Jesse Mac Cormack

SOLO

Sortie le 08 avril 2022

Secret City Records

Jesse Mac Cormack commence enfin à saisir le sens réel de sa musique. Son deuxième album studio est aussi perçant qu’un regard, aussi tendre qu’un au revoir. C’est une collection de chansons électroniques qui se gonflent et se cassent comme les vagues sur une rive. L’enregistrement a été tour à tour enrichissant, paisible, solitaire, anxiogène. Le temps, la distance et une thérapie ont permis à l’auteur-compositeur montréalais de finalement comprendre tout ce qu’il souhaitait exprimer.

 

« Peu importe ce que tu vis, tu seras toujours seul avec ce que tu vis », me raconte Mac Cormack. Nous sommes sur la terrasse sur son toit par une journée ensoleillée, près des boîtes de jardinage qu’il entretient soigneusement. Les écureuils s’attaquent toujours aux tomates, me dit-il en riant, d’un ton résigné. On peut contrôler certaines choses; d’autres non.

 

Cette leçon a été difficile à assimiler. Au plus fort de la pandémie, alors qu’une relation se terminait, Mac Cormack se souvient avoir envoyé un message à son thérapeute : « Je ne te rencontre pas chaque semaine seulement pour passer le temps. Je veux que ça saigne », a affirmé le musicien, qui voulait que leur travail ait des répercussions concrètes. Lors de la séance suivante, son thérapeute a expliqué : « Ce message que vous m’avez envoyé? Vous l’envoyiez vraiment à vous-même. Vous preniez une décision. »

 

Cette décision — d’aller de l’avant, de changer, de se voir pour qui il est réellement — reflète son parcours des deux dernières années et aussi celui de SOLO, qui brille, tremble et bat au rythme du cœur d’un artiste en magnifique évolution. Bien que marqué par la peur et les déceptions des dernières années ainsi que les cicatrices de l’enfance, SOLO est bien plus empreint de douceur que Now (2019), premier album de Jesse encensé par la critique. Ayant compris que tout ce qu’il est aujourd’hui provient de ce qu’il a vécu, il n’agit plus en réaction, il est apaisé.

 

Retour en arrière jusqu’au printemps 2020 — confiné dans un chalet, Mac Cormack est assis par terre avec un ordinateur, un clavier, une guitare. Il fait de la musique en silence, tentant de ne déranger personne. « A&E » est une chanson à propos de l’échec amoureux, de l’inatteignable paradis. (Ses paroles se font entendre deux fois sur SOLO, resurgissant lors de la dernière pièce, « Pattern ».) Une autre chanson,

« LBTA », s’accroche au souvenir de l’amour, remontant à une époque où la passion semblait plus simple, assez proche pour qu’on y touche. « I wish you were my runaway » chante Mac Cormack.

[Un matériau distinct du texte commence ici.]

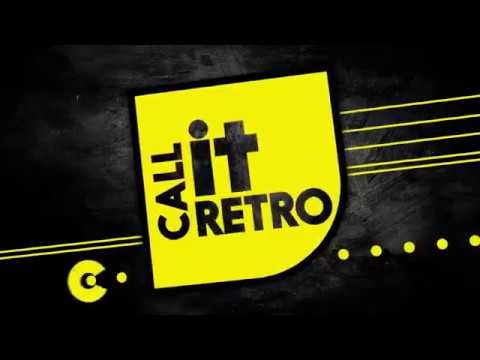 Trailer for Call it Retro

Il exprime dans cette chanson, le désir profond de croire que cette personne puisse être la bonne, la seule. Cependant aujourd’hui, à 32 ans, son regard est différent : ne s’est-il pas plutôt perdu, oublié pour devenir quelqu’un d’autre finalement.

 

D’autres pièces abordent le déni, l’apocalypse (« Blue World »), et une fantaisie psychédélique au Festival de musique émergente de Rouyn-Noranda (« All at Once »). « Untitled » rêve d’un nouvel amour et de son potentiel, alors que « L.A. Sky » et « The Hills » rendent toutes deux visite à la Californie : la première évoquant les possibilités supposément infinies de Los Angeles, et la seconde racontant l’histoire d’une vedette hollywoodienne imaginaire et son irresponsable déclin. À travers le tout, Mac Cormack crée un univers sonore à la fois percutant et intimiste, influencé par les textures électroniques de James Blake, Little Dragon, Caribou et SUUNS. Mac Cormack joue à nouveau de pratiquement chaque instrument lui-même. Les boîtes à rythmes sont entourées d’envolées de synthés; les mauvais sorts tourbillonnent auprès d’airs amoureux. Mac Cormack a caché beaucoup d’inconfort au sein d’un album chaleureux et lumineux, comme une tempête avant qu’elle éclate — et même à présent, après coup, il y a encore des éclairs dans l’air.